—¿Qué comentario es ese? —Salvador, entre molesto y divertido—. ¿Alguna vez te he tratado mal?
—¿No? —Martina le devolvió la pregunta.
A él se le apretó un poco el pecho: sí, alguna vez se había pasado… pero jamás discutía eso; sabía leer el rostro de su esposa.
—Sigue. ¿Por qué?
—Porque… —Martina ladeó la cabeza— quiero subir un poquito de peso; ya no quiero oír que tu amante y tu esposa se parecen… Ay…
No terminó: él le apretó el hombro y le dolió.
—¿Ves? —lo miró con reproche—. Te pones de malas y ya estás apretando.
—Martina Hernández.
Cuando se enojaba, la llamaba con nombre y apellido.

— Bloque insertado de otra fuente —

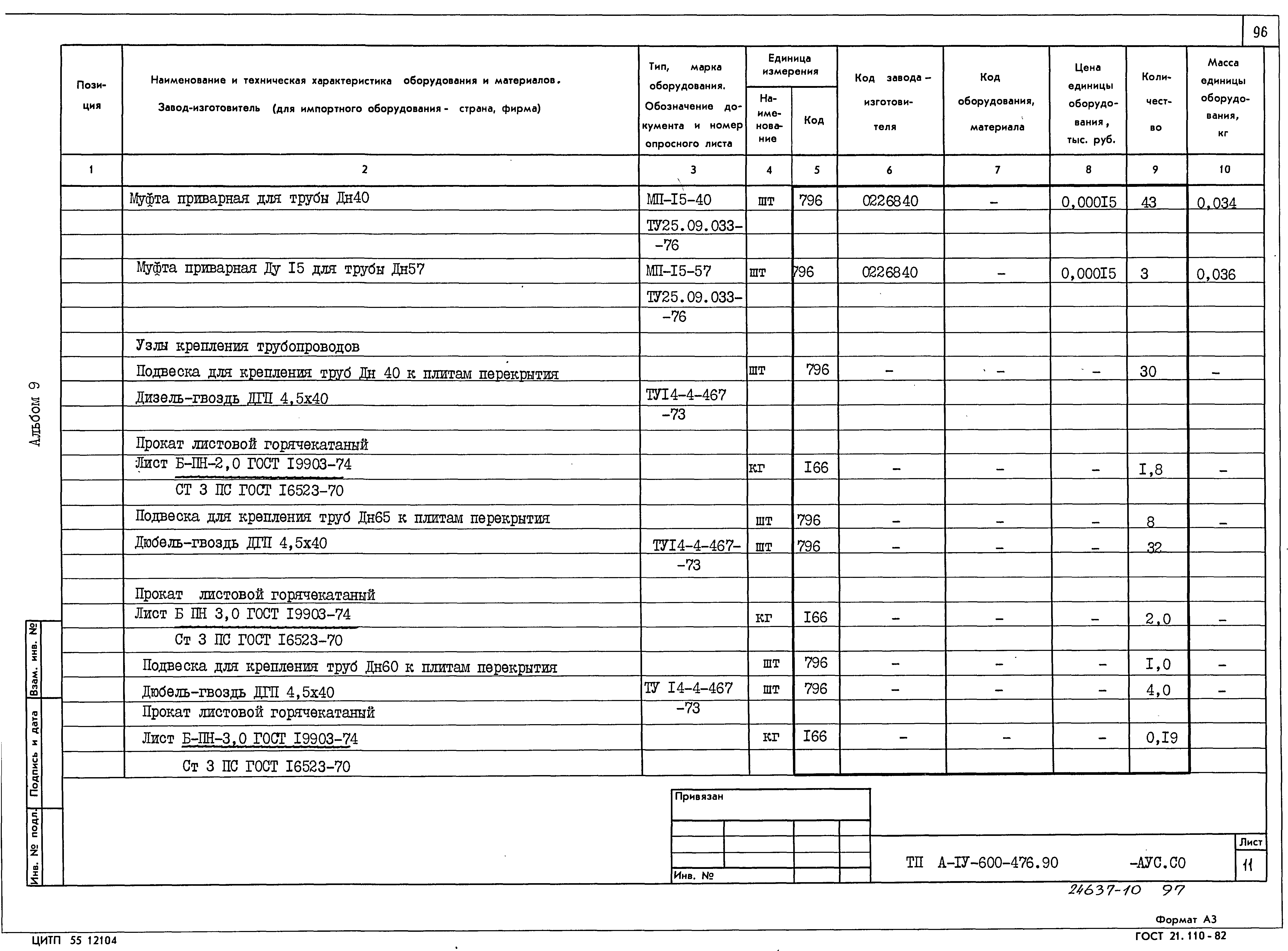 Типовой проект А-IV-600-476.90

—¿Me quieres provocar? ¿También te tragas las tonterías de los curiosos?
Con el fuego en sus ojos, a Martina le salió una sonrisa.
—Los de afuera hablan sin filtro: dicen lo que se les ocurre. Y tú te fijaste en mí porque me parecía a ella, ¿o no?
Él no lo negó. No podía.
Mientras su silencio pesaba, Martina alargó la mano, tomó una bolsa de papitas, la abrió y se llevó una al borde de los labios.